(INSTRUCTIONS TO FOLLOW)
The task for the listing below is to write out exactly the lines starting at the one containing "Addiction Crystal Dong 6 Clear" and ending at the one containing "Portable Refractor Telescope", both included. Pictures are to be omitted.

(DATA FOR THIS EXERCISE)
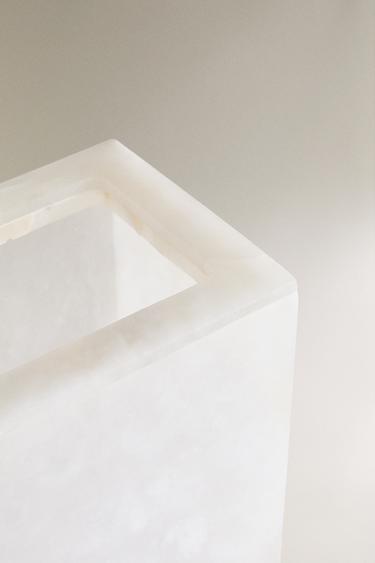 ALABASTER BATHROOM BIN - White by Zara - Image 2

...

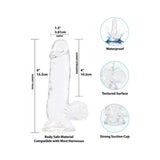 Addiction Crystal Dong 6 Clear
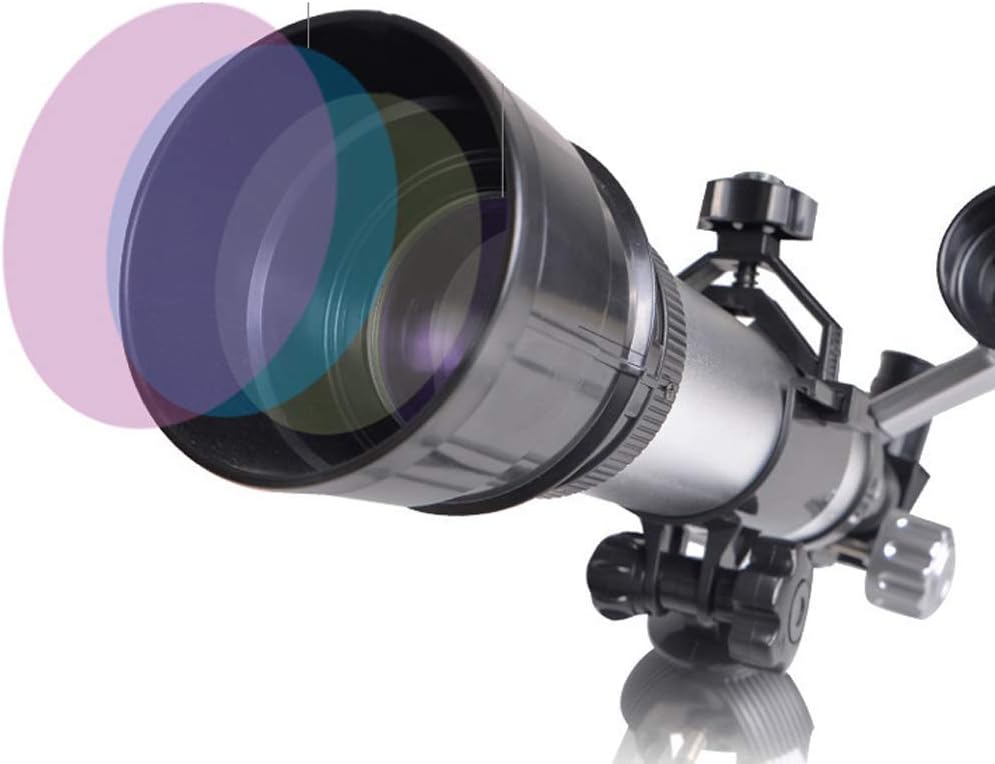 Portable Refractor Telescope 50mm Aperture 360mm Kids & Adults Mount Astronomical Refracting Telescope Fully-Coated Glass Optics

...

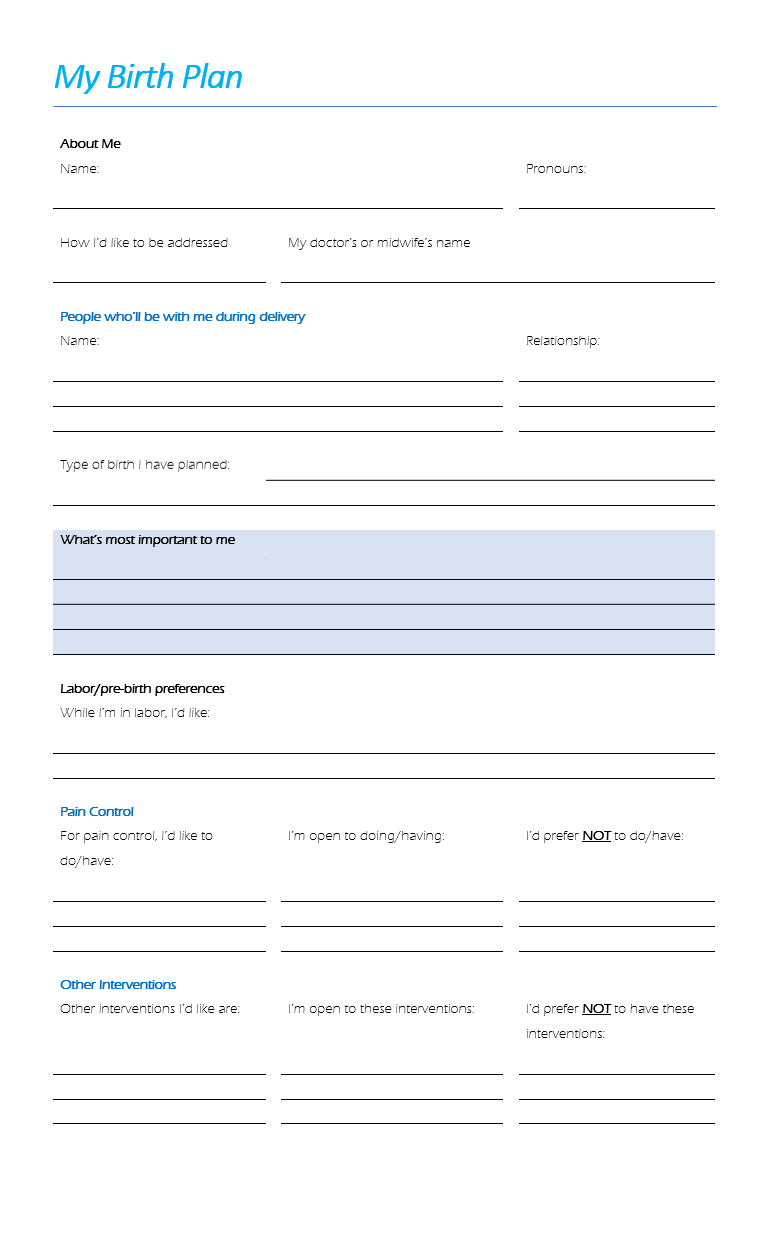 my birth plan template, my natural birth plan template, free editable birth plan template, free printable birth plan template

(RESPONSE TO THIS EXERCISE)
 Addiction Crystal Dong 6 Clear
 Portable Refractor Telescope 50mm Aperture 360mm Kids & Adults Mount Astronomical Refracting Telescope Fully-Coated Glass Optics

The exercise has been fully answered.